Introduction: Unconventional motor proteins myosin (Myo) are involved in intracellular cargo transport of organelles, vesicles, receptors and ion channels along actin filaments. Thereby, they regulate energy substrate transport, receptor signalling, gene expression and ion channel distribution. Here, we analysed the regulation and roles of Myo5a/b during cardiomyocyte development and in physiological and pathophysiological stress responses. 

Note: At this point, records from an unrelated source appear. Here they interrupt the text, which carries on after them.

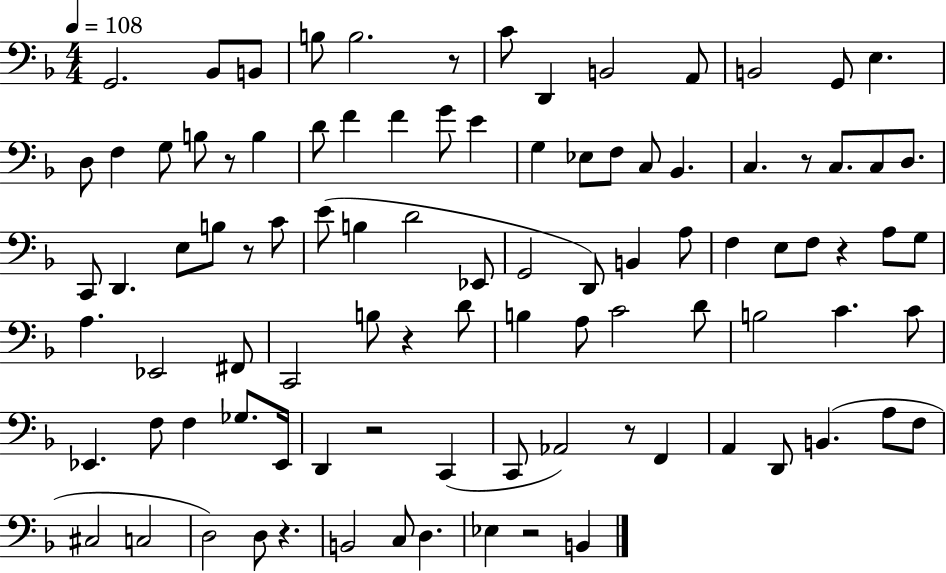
X:1
T:Untitled
M:4/4
L:1/4
K:F
G,,2 _B,,/2 B,,/2 B,/2 B,2 z/2 C/2 D,, B,,2 A,,/2 B,,2 G,,/2 E, D,/2 F, G,/2 B,/2 z/2 B, D/2 F F G/2 E G, _E,/2 F,/2 C,/2 _B,, C, z/2 C,/2 C,/2 D,/2 C,,/2 D,, E,/2 B,/2 z/2 C/2 E/2 B, D2 _E,,/2 G,,2 D,,/2 B,, A,/2 F, E,/2 F,/2 z A,/2 G,/2 A, _E,,2 ^F,,/2 C,,2 B,/2 z D/2 B, A,/2 C2 D/2 B,2 C C/2 _E,, F,/2 F, _G,/2 _E,,/4 D,, z2 C,, C,,/2 _A,,2 z/2 F,, A,, D,,/2 B,, A,/2 F,/2 ^C,2 C,2 D,2 D,/2 z B,,2 C,/2 D, _E, z2 B,, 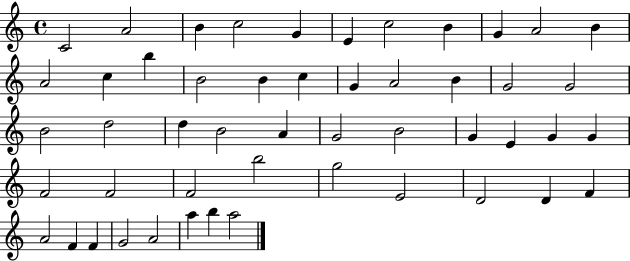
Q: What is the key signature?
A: C major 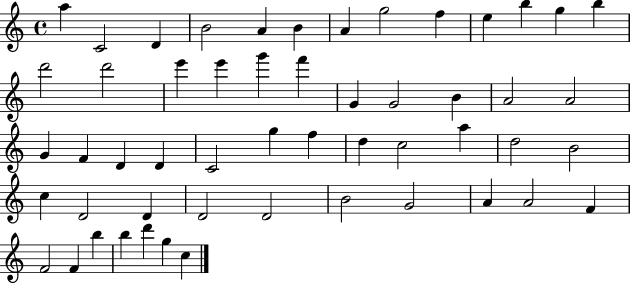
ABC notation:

X:1
T:Untitled
M:4/4
L:1/4
K:C
a C2 D B2 A B A g2 f e b g b d'2 d'2 e' e' g' f' G G2 B A2 A2 G F D D C2 g f d c2 a d2 B2 c D2 D D2 D2 B2 G2 A A2 F F2 F b b d' g c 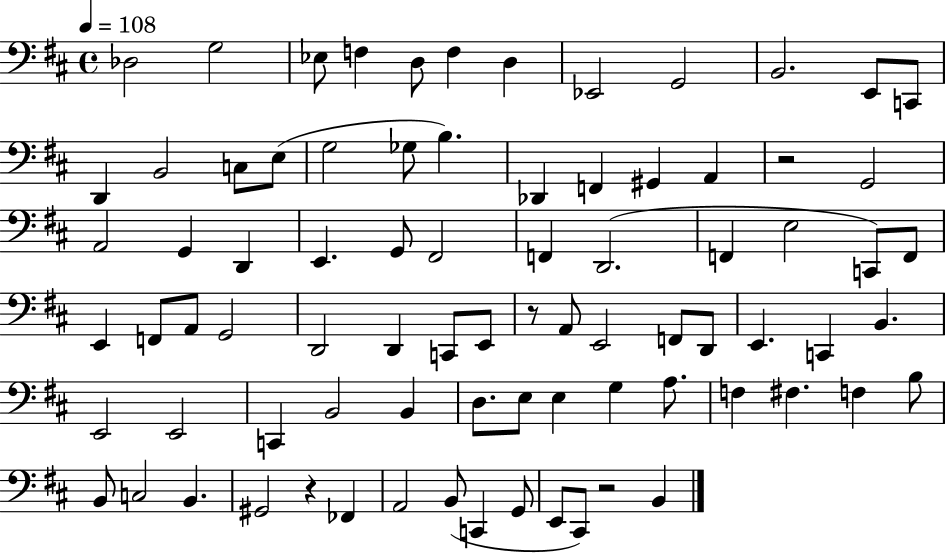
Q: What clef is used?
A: bass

Methods & results: qRT-PCR analysis revealed a regulation of Myo5a/b dependent on the state of development with Myo5a being the predominant neonatal and 5b the predominant adult isoform in the heart. Physiological stress induced by pregnancy upregulated both isoforms in wildtype (WT) mice (5a +73%, 5b +77%, p<0.05). Additionally, both were regulated contrariwise 3/7 days (d) post myocardial infarction (MI) in WT male mice with Myo5a up- (3d +122%, p<0.05; 7d +76%, p<0.01) and Myo5b downregulated (3d -58%; 7d -39%, p<0.01). Human end-stage failing hearts revealed reduced MYO5B protein levels (-28 %, p<0.05) compared with non-failings. The role of Myo5b was further analysed in the adult heart by generating a cardiomyocyte-specific knockout mouse (KO: αMHC-Cre;Myo5b^flox/flox; WT: Myo5b^flox/flox). Male and female KO mice developed without any obvious phenotypical alterations until 3 months (M) of age, with normal left ventricular (LV) function. However, HOLTER analyses revealed supraventricular extras systoles and atrial fibrillation. With increasing age, KO mice of both sexes gradually developed systolic cardiac dysfunction (6M male: WT 50±15, KO 27±12 %FAC, p<0.001), accompanied by increased fibrosis, inflammation and cardiomyocyte hypertrophy with premature mortality (none of the KO mice survived more than 37 weeks). Pregnancy promoted an earlier onset of this phenotype in female KO mice. RNAseq analysis of LV tissue from 3M old male mice revealed 796 altered genes between KO and WT mice (p-adj. <0.05) and bioinformatical analyses (DAVID tool) showed alterations in several metabolic pathways and in sarcomeric gene expression. Furthermore, reduced cardiac triglyceride content (-49%, p<0.01) and decreased basal (-28%, p<0.05) and insulin-stimulated (-40%, p<0.001) glucose uptake in isolated adult cardiomyocytes (ACM) from KO compared with WT mice confirmed an important role of Myo5b for insulin-dependent glucose uptake and fatty acid oxidation. Further analyses showed that the nuclear mRNA content of sarcomeric genes, i.e. MHC, Tnni3 and Actn2 was not altered while the cytoplasmatic mRNA content was reduced in KO compared with WT ACM. Immunoprecipitation experiments revealed that Myo5b is associated with functional ribosomes in WT hearts.

Conclusion: Myo5a (foetal form, upregulated in pregnancy and after MI) and Myo5b (adult form, upregulated in pregnancy and reduced after MI) display a similar contrarywise regulation during development and in response to pathophysiological stress as sarcomeric genes α- and β-MHC, while the regulation in pregnancy is different. Cardiomyocyte-specific deletion of Myo5b leads to supraventricular extras systoles and atrial fibrillation, heart failure and premature death, features that are accelerated by pregnancy in female mice. Mechanistically, Myo5b is involved in the energy substrate regulation and gene expression at least in part by regulating the transport of mRNA/ribosome complexes.